Some commenters accused me of being overly negative, and several called me an afro-pessimist. I am pessimistic, yes, but it has nothing to do with people or geography. On the contrary, I have good reason to have faith in the ingenuity and productivity of free people, even in — or especially in — adverse conditions. My pessimism has to do with economics and government.
Maybe I was negative, but lo, just a month later, the first signs of the massive impact on growth in the mining sector became apparent.
Now, four months on, South Africa has double-digit inflation for the first time since our liberation. The central bank has jacked up interest rates by a massive 4.5 percentage points already, and its governor, Tito Mboweni, has just threatened a staggering further hike of two percentage points, which would bring it to 13.5%.
Our economic growth has crashed to not much more than 2% — thanks in part to a staggering 22% decline in the mining sector. The proximate cause? Power cuts, of course.
So now we face that dread curse of inflation that doesn’t buy growth: stagflation. Even the unions now argue that we’re heading for recession.
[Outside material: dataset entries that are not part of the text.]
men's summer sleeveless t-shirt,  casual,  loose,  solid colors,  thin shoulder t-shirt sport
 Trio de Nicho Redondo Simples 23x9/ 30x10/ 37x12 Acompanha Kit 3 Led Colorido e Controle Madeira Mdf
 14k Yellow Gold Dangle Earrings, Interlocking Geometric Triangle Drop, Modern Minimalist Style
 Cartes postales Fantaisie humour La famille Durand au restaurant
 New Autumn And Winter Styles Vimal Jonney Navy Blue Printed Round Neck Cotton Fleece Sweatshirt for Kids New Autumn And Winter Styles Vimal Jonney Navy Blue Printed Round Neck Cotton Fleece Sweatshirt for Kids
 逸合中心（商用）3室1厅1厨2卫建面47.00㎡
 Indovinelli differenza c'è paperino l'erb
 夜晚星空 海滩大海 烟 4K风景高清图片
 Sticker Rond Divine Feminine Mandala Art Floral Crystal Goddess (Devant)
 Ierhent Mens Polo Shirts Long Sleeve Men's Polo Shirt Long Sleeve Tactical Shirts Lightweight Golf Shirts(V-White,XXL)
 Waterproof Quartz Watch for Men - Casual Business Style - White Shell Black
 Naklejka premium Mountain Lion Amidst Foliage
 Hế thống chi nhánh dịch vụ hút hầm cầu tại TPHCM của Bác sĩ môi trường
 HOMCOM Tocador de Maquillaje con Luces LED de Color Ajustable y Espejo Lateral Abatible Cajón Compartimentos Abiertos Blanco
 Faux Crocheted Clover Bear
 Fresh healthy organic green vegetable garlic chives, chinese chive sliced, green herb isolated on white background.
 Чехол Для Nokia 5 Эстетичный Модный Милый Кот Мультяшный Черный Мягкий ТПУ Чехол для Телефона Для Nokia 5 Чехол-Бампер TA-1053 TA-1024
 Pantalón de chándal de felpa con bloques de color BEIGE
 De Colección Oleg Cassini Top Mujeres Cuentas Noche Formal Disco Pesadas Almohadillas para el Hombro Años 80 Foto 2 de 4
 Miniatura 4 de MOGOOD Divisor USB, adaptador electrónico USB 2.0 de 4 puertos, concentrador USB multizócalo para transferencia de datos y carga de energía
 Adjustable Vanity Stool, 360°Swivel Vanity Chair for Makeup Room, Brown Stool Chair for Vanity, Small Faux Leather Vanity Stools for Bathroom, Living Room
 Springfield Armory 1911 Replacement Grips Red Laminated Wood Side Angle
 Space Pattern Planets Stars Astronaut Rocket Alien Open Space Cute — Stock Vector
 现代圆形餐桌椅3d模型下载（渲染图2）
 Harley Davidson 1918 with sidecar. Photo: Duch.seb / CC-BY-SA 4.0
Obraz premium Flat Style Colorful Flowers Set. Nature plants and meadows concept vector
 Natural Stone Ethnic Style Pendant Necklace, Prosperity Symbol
In response, finance minister Trevor Manuel seems intent on jumping off the same rhetorical cliff as The Bolt. He told parliament not to worry, “The slowdown we are experiencing is of a short-term nature.” He describes the causes of this deepening economic crisis as “short-term turbulences”. There will be growth! Fiat auctus!
Is delusion of competence a contagious condition? Is this what Thabo Mbeki means when he said that cabinet takes “collective responsibility for the decisions taken over 14 years”?
My initial response to Mbeki’s apology was, “Well, off you go then, the lot of you! One takes responsibility by resigning.” I had not considered that all Mbeki meant was that cabinet would get its collective story straight, and collectively play God, because what they say is all that matters. The rest is just racism or neo-colonialism or afro-pessimism or negativity or sensationalism or media hyperbole. Reality is created on command. Truth is what the government declares it to be. Hence its attempts to censor the media and establish its own party-run newspaper.
Don’t get me wrong. I’m not writing this to say I told you so (though I did). I’m not gloating that I know more about elementary economics than our minister of public enterprises (though I do). I’m the most modest person I know, after all (though besides that I have few failings).
I’m just wondering who dared disobey the honourable Alec Erwin’s command that growth would not be affected. I want to find the faithless exploiters of our collectivist misery, and expose them to public denunciation. Put them in the pillory and throw stuff at them, counter-revolutionary traitors that they are.